◆ What the task asks: Could you copy every entry exactly, dropping the pictures?
::: Data extract
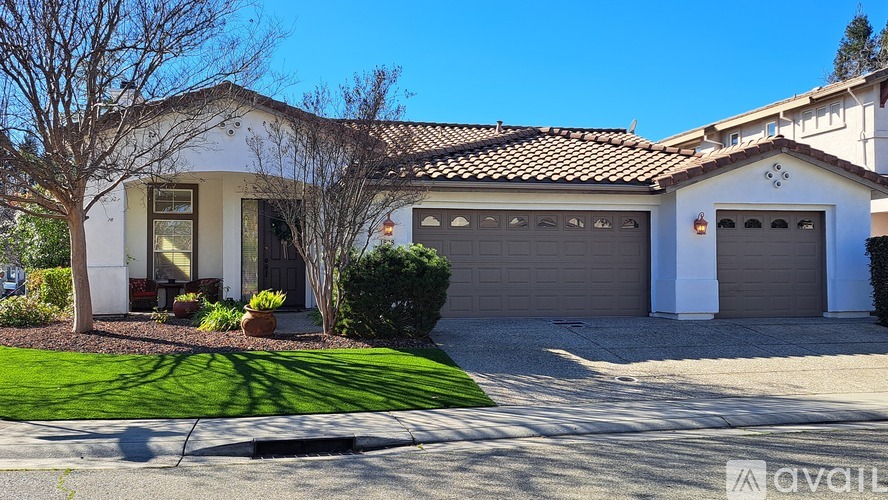 1828 Heather Garden Ln 4 Beds Single Family Home for Rent - Photo gallery 2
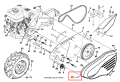 Śruba kultywatora TR 430 Husqvarna, metaliczna, z gwintem. Widoczna z boku, umieszczona w złożonym elemencie maszyny. Na tle części kultywatora, gdzie zamocowane są inne komponenty. Długość śruby nieokreślona, widoczny detal gwintu.
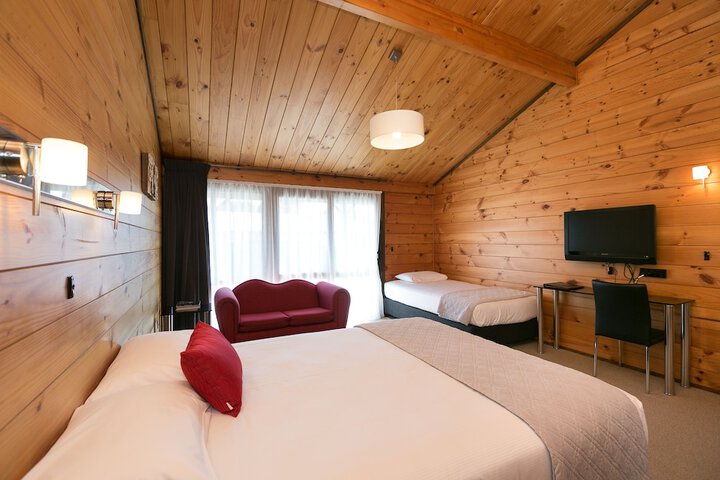 Room 5 of 35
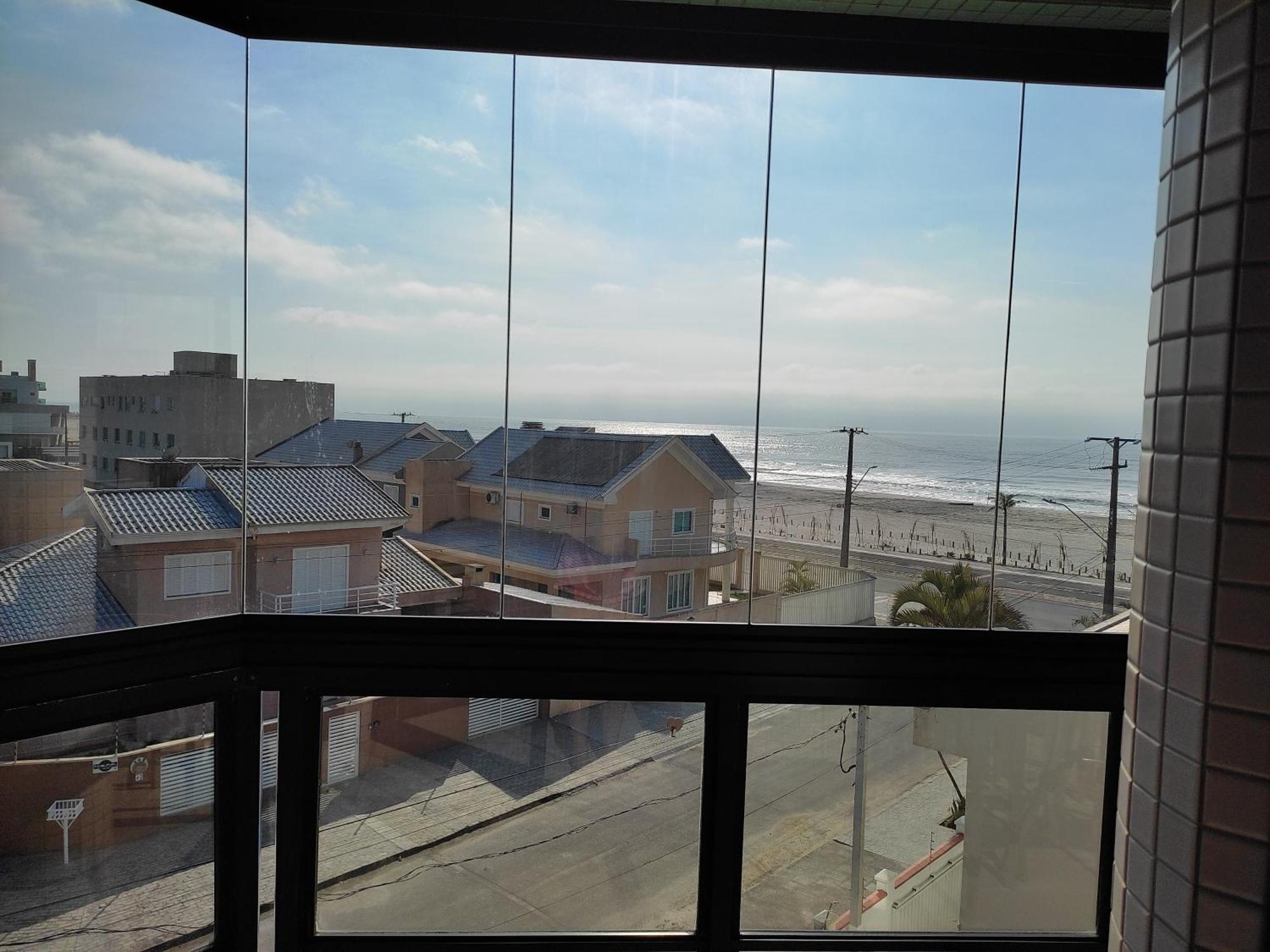 Lindo Apartamento Com Vista Para O Mar Matinhos Eksteriør bilde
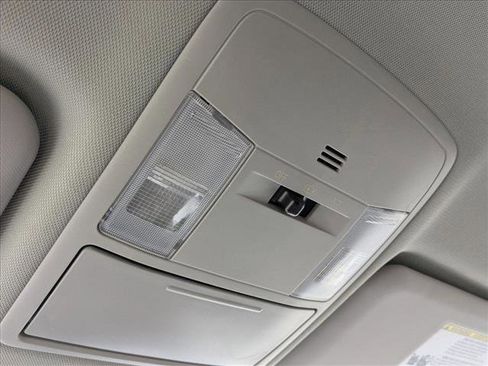 Used 2017 Toyota RAV4 LE image 14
::::::
◆ Answer section:
 1828 Heather Garden Ln 4 Beds Single Family Home for Rent - Photo gallery 2
 Śruba kultywatora TR 430 Husqvarna, metaliczna, z gwintem. Widoczna z boku, umieszczona w złożonym elemencie maszyny. Na tle części kultywatora, gdzie zamocowane są inne komponenty. Długość śruby nieokreślona, widoczny detal gwintu.
 Room 5 of 35
 Lindo Apartamento Com Vista Para O Mar Matinhos Eksteriør bilde
 Used 2017 Toyota RAV4 LE image 14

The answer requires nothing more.